Die Menschen lassen Geld liegen in den Hotels und der Gastronomie, sie Shoppen, was das Zeug hält, sie zahlen Eintritt in die Oper, die Theater und die diversen Museen, natürlich auch für die Fiaker, den Prater und den Heurigen in Grinzing. Die Steuern, die dafür anfallen, fließen in die Kassen der Stadt Wien und auch in die der Republik. Also ist es nicht fair und sachgerecht, den Zuschuss von ein bis zwei Millionen Euro pro Jahr an den Pranger zu stellen. Wieviel ist den Österreichern ihre „Spanische“ wert?

Um kein Missverständnis aufkommen zu lassen: Selbstverständlich muss die Hofreitschule, die dem Staat gehört, mit den ihr zufließende Steuergeldern korrekt, sparsam und nachvollziehbar umgehen. Da besteht Verbesserungsbedarf.

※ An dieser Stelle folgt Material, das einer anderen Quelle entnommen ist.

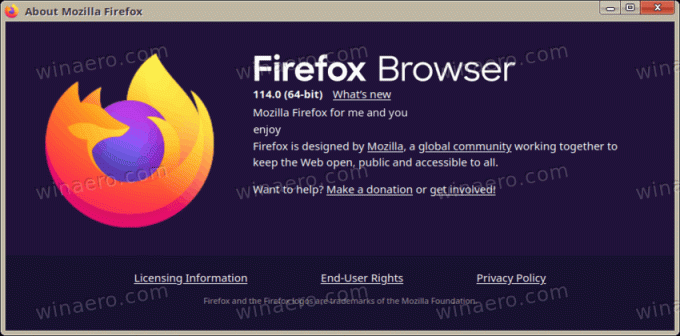 Firefox 114 Относно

Wenn ich aber lese, dass man von der Hofreitschule verlangt, Personal abzubauen, um den finanziellen Aufwand zu drücken, dann frage ich mich: Weshalb sucht man – auch bei uns in Deutschland – einen Pferdepfleger für 1700 Euro im Monat? Wer schlau ist und ein bissle kritisch denken kann, der wir um die Hofburg einen weiten Bogen machen – nicht als kulturaffiner Tourist und Pferdefreund, sehr wohl aber als Pferdepfleger!

Was will der Rechnungshof wirklich?

Mein unausweichlicher Nachsatz: Ist die „Spanische“ überhaupt noch zeitgemäß? Hat sie sich überlebt? Zielt die Kritik des Rechnungshofes in Wahrheit darauf ab, die weltberühmte Reitakademie zu schwächen, am Ende dicht zu machen? Oder vielleicht „nur“ auszulagern von Wien nach Piber oder nach Heldenberg? Soviel ist sicher: Die „Spanische“ insgesamt ist nicht kostendeckend zu führen? Das jährliche Defizit bleibt – ob Corona oder nicht.

Also muss die Politik entscheiden: Akzeptiert man das Defizit, zumindest bis zu einer bestimmten Höhe – ja oder nein? Pferdepfleger anzulocken, die sich mit 1700 Euro brutto zufriedengeben – das ist jedenfalls keine Lösung.